**INFORMATION GIVEN**
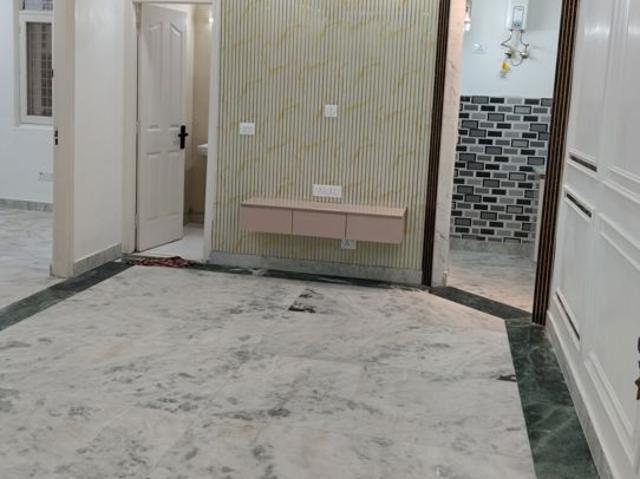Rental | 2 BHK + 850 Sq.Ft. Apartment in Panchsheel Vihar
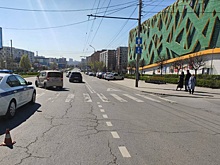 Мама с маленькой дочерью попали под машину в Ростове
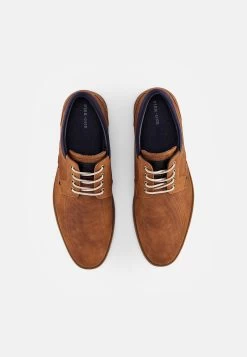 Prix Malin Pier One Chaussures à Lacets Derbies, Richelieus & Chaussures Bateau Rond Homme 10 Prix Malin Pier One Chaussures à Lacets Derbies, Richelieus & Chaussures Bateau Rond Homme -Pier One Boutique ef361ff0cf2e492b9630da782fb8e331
---
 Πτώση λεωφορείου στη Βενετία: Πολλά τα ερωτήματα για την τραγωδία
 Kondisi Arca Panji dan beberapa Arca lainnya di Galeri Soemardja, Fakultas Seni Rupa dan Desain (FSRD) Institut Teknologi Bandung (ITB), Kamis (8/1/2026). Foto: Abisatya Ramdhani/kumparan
==
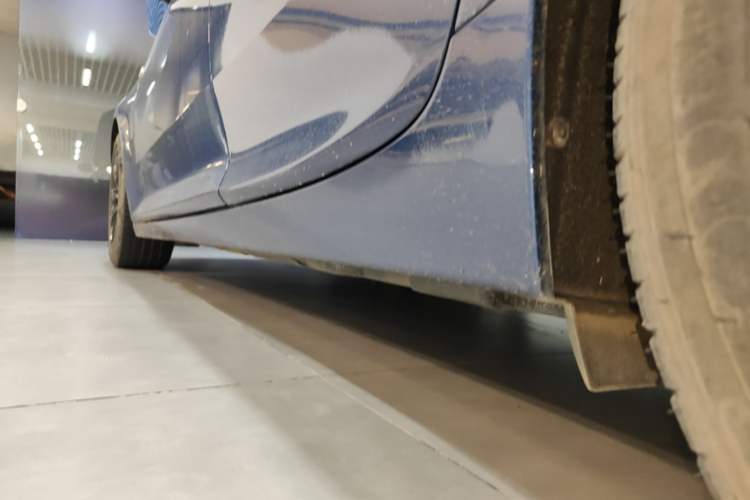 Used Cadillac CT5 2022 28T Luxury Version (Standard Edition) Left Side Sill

**WHAT YOU HAVE TO DO**
Begin at the line in the entries above that has "Мама с маленькой", stop after the line that has "One Boutique ef361ff0cf2e492b9630da782fb8e331", and output exactly those lines without pictures.

**RESULT FOR THIS EXERCISE**
 Мама с маленькой дочерью попали под машину в Ростове
 Prix Malin Pier One Chaussures à Lacets Derbies, Richelieus & Chaussures Bateau Rond Homme 10 Prix Malin Pier One Chaussures à Lacets Derbies, Richelieus & Chaussures Bateau Rond Homme -Pier One Boutique ef361ff0cf2e492b9630da782fb8e331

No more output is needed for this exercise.